Both Microsoft Word and OpenOffice should open up their citation APIs to third-party tools. This would create better citation tools, allows the easier exchange of documents between authors (journal submissions), and would it make easier for smaller tools such as Papers to integrate with word processors (a workaround is described here).

I guess it depends on exactly how the APIs work. My view is that they probably need to allow users to easily connect different kinds of data stores, which then send back the relevant metadata, which gets embedded in the document in a standard way. Citation processing, then, probably needs to happen closer to the document than the bibliographic plug-in (or whatever).

The citation processing also likely needs to be pluggable.
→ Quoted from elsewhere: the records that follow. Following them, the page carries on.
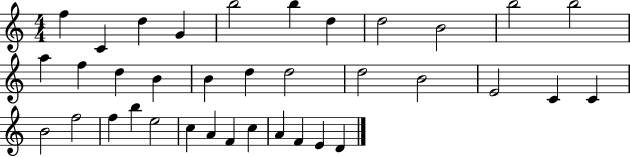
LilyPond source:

{
  \clef treble
  \numericTimeSignature
  \time 4/4
  \key c \major
  f''4 c'4 d''4 g'4 | b''2 b''4 d''4 | d''2 b'2 | b''2 b''2 | \break a''4 f''4 d''4 b'4 | b'4 d''4 d''2 | d''2 b'2 | e'2 c'4 c'4 | \break b'2 f''2 | f''4 b''4 e''2 | c''4 a'4 f'4 c''4 | a'4 f'4 e'4 d'4 | \break \bar "|."
}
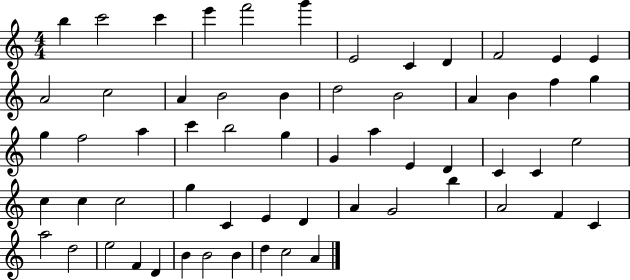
{
  \clef treble
  \numericTimeSignature
  \time 4/4
  \key c \major
  b''4 c'''2 c'''4 | e'''4 f'''2 g'''4 | e'2 c'4 d'4 | f'2 e'4 e'4 | \break a'2 c''2 | a'4 b'2 b'4 | d''2 b'2 | a'4 b'4 f''4 g''4 | \break g''4 f''2 a''4 | c'''4 b''2 g''4 | g'4 a''4 e'4 d'4 | c'4 c'4 e''2 | \break c''4 c''4 c''2 | g''4 c'4 e'4 d'4 | a'4 g'2 b''4 | a'2 f'4 c'4 | \break a''2 d''2 | e''2 f'4 d'4 | b'4 b'2 b'4 | d''4 c''2 a'4 | \break \bar "|."
}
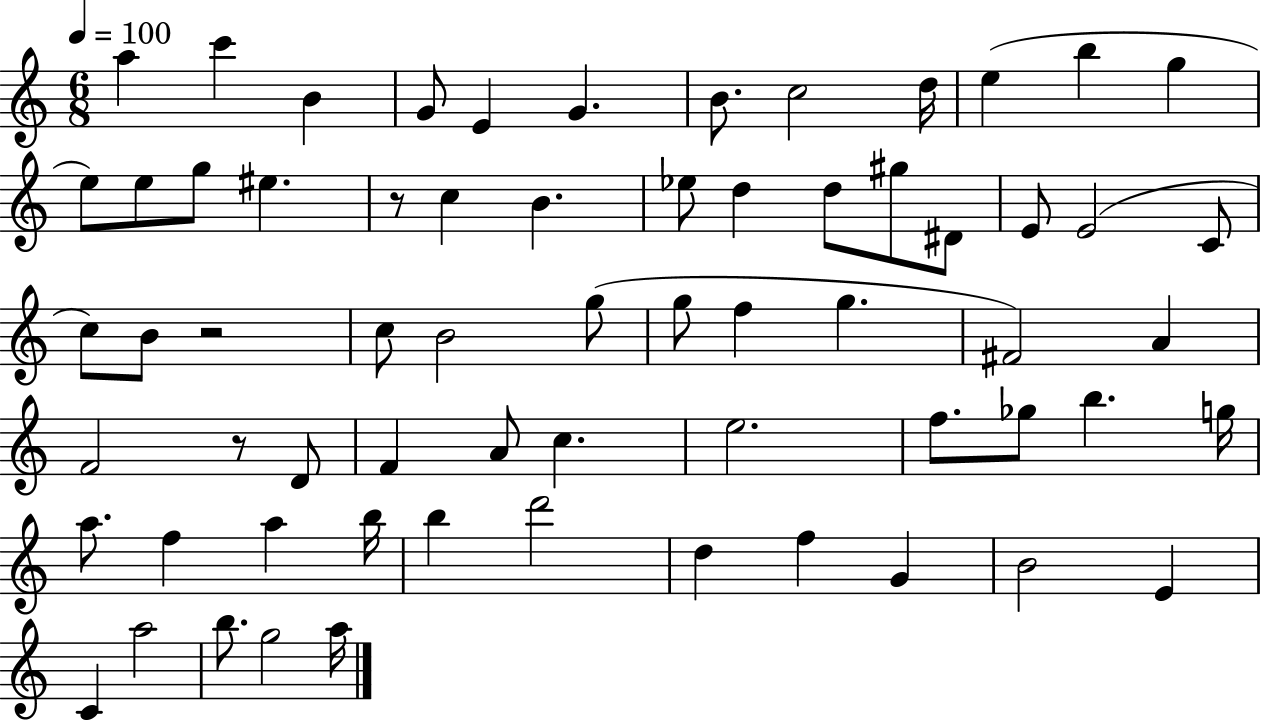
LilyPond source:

{
  \clef treble
  \numericTimeSignature
  \time 6/8
  \key c \major
  \tempo 4 = 100
  a''4 c'''4 b'4 | g'8 e'4 g'4. | b'8. c''2 d''16 | e''4( b''4 g''4 | \break e''8) e''8 g''8 eis''4. | r8 c''4 b'4. | ees''8 d''4 d''8 gis''8 dis'8 | e'8 e'2( c'8 | \break c''8) b'8 r2 | c''8 b'2 g''8( | g''8 f''4 g''4. | fis'2) a'4 | \break f'2 r8 d'8 | f'4 a'8 c''4. | e''2. | f''8. ges''8 b''4. g''16 | \break a''8. f''4 a''4 b''16 | b''4 d'''2 | d''4 f''4 g'4 | b'2 e'4 | \break c'4 a''2 | b''8. g''2 a''16 | \bar "|."
}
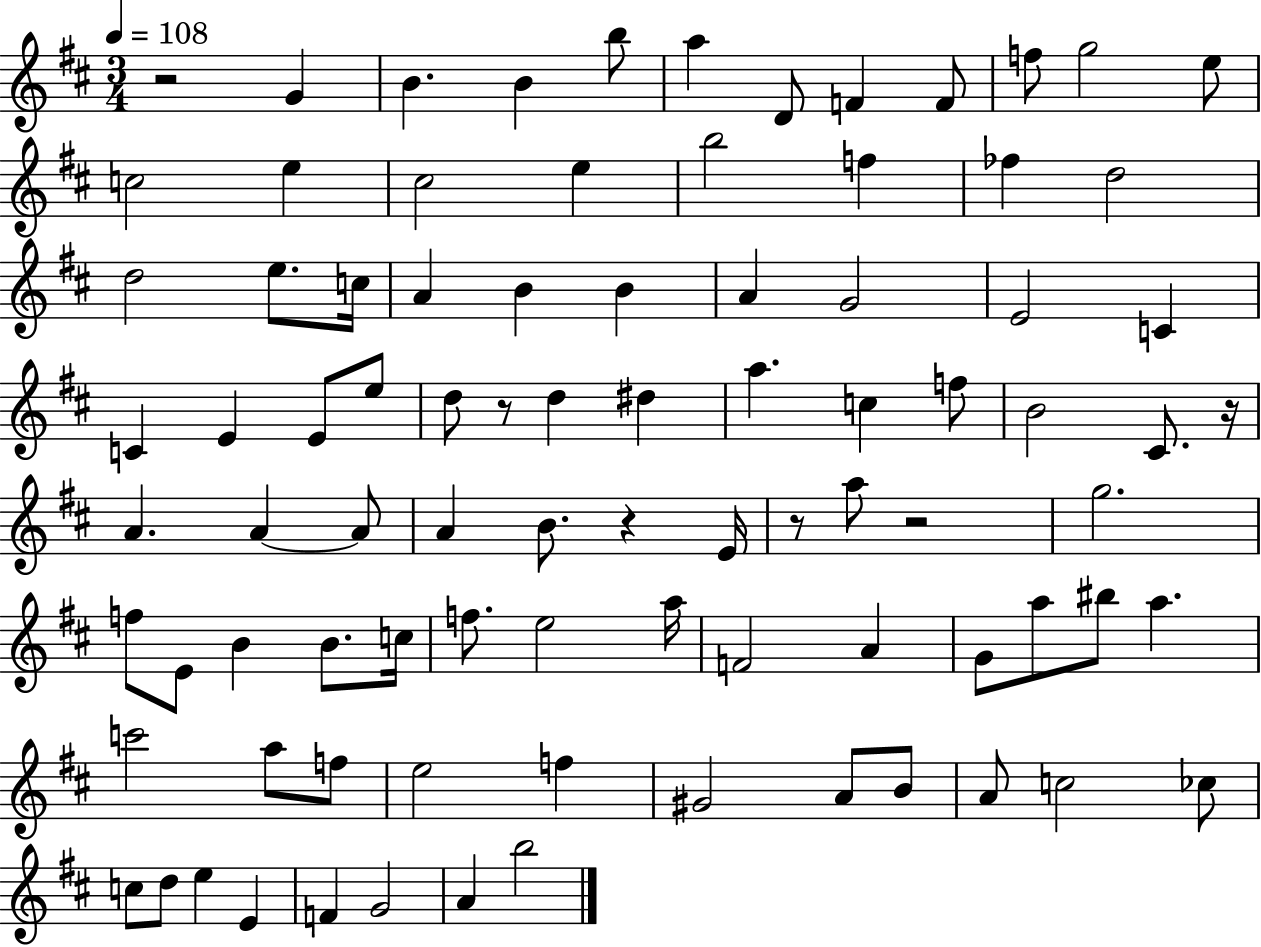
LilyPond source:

{
  \clef treble
  \numericTimeSignature
  \time 3/4
  \key d \major
  \tempo 4 = 108
  r2 g'4 | b'4. b'4 b''8 | a''4 d'8 f'4 f'8 | f''8 g''2 e''8 | \break c''2 e''4 | cis''2 e''4 | b''2 f''4 | fes''4 d''2 | \break d''2 e''8. c''16 | a'4 b'4 b'4 | a'4 g'2 | e'2 c'4 | \break c'4 e'4 e'8 e''8 | d''8 r8 d''4 dis''4 | a''4. c''4 f''8 | b'2 cis'8. r16 | \break a'4. a'4~~ a'8 | a'4 b'8. r4 e'16 | r8 a''8 r2 | g''2. | \break f''8 e'8 b'4 b'8. c''16 | f''8. e''2 a''16 | f'2 a'4 | g'8 a''8 bis''8 a''4. | \break c'''2 a''8 f''8 | e''2 f''4 | gis'2 a'8 b'8 | a'8 c''2 ces''8 | \break c''8 d''8 e''4 e'4 | f'4 g'2 | a'4 b''2 | \bar "|."
}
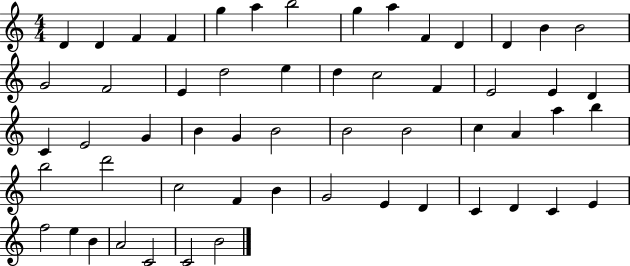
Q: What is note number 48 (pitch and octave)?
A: C4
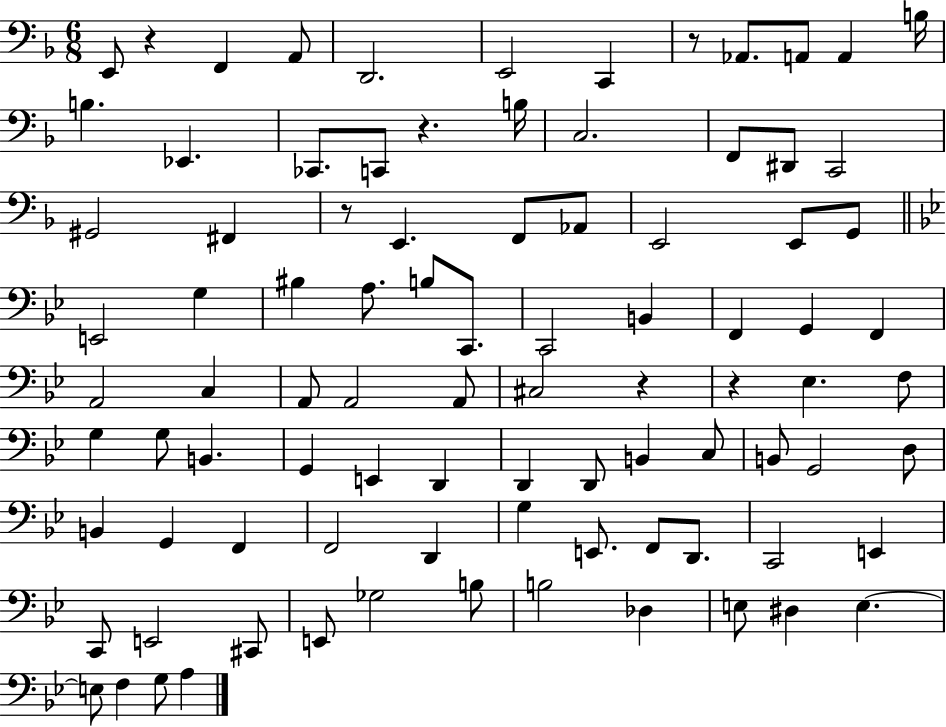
X:1
T:Untitled
M:6/8
L:1/4
K:F
E,,/2 z F,, A,,/2 D,,2 E,,2 C,, z/2 _A,,/2 A,,/2 A,, B,/4 B, _E,, _C,,/2 C,,/2 z B,/4 C,2 F,,/2 ^D,,/2 C,,2 ^G,,2 ^F,, z/2 E,, F,,/2 _A,,/2 E,,2 E,,/2 G,,/2 E,,2 G, ^B, A,/2 B,/2 C,,/2 C,,2 B,, F,, G,, F,, A,,2 C, A,,/2 A,,2 A,,/2 ^C,2 z z _E, F,/2 G, G,/2 B,, G,, E,, D,, D,, D,,/2 B,, C,/2 B,,/2 G,,2 D,/2 B,, G,, F,, F,,2 D,, G, E,,/2 F,,/2 D,,/2 C,,2 E,, C,,/2 E,,2 ^C,,/2 E,,/2 _G,2 B,/2 B,2 _D, E,/2 ^D, E, E,/2 F, G,/2 A,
Microsoft’s XSLT-based solution, for example, is not very good. OTOH, if they were, say, to write a fast C# or F#-based CSL processor that fully supported the spec, that problem would go away.

Second, he warns:

If they wait too long, we will probably see the online word processors such as Google Docs, Zoho Writer start adding an API for citations and bibliographies and all of the sudden become very serious alternatives for writing scientific papers.

I’m not holding my breath, given all the other limitations and problems I see in Google Docs. And if they add it, they still need to consider the document interoperability concerns I note above and in the earlier post. But coupling APIs with standardized and embedded document metadata can help solve all of these problems.

4 Comments

  1. Thanks for picking up the discussion from my recent blog post. From the current limitations of citations in Microsoft Word 2007/2008 (citations stored in one flat file, limited citation styles) I see the first one as more important. Allowing access to different kinds of data storage (and a search function) would go a long way. Citation styles are less important, at least for journal submissions. I do believe that we have far too many citation styles, and journal submission systems usually check and transform the bibliographies anyway.

    The second best bet would be a standardized plugin that is supported by more than one reference manager.

  2. darcusb says:

    Hi Martin: I would have posted a comment on your post, but didn’t feel like signing up.

    It’s funny/interesting that you should say citation styles aren’t that important given the extreme anxiety often on view among academics when an application like Zotero gets a minor detail wrong. It’s unfortunate, really. But I do think in general it is a real issue (notwithstanding some exceptions).

    I see efforts like CSL as a way to drag this stuff into the 21st century. I would hope that over time, though, the academy will be able to rationalize this and drop the myriad of archaic ways that we communicate something pretty basic: how to find a source. The web really should, and can, change how we do this.

    But, as a friend of mine once said, the academy is more conservative than the Vatican!

  3. You are of course right about academics being rather conservative. And CSL is a great effort. But in a citation I only care that it finds the source, and at least for academic papers we have the Digital Object Identifier (DOI) for that. I would rather leave it to the journal - which is cross-checking the citations anyway - to format the bibliography in the style they prefer.

    To increase readability of the draft manuscript, you probably want to add some basic info to the DOI, e.g. first author and year, but 1000+ citation styles?

  4. darcusb says:

    Martin, I guess what I’m saying is that in my experience (in the social sciences and humanities), this …

    I would rather leave it to the journal - which is cross-checking the citations anyway - to format the bibliography in the style they prefer.

    … doesn’t really happen, and I’ve heard of people getting major grief (from editors, advisors), etc. about minor formatting mistakes. Consider also fields like history, where people are citing 15th century manuscripts. Suffice to DOIs are uncommon there. E.g. I agree with your priorities, but just don’t think we’re there yet.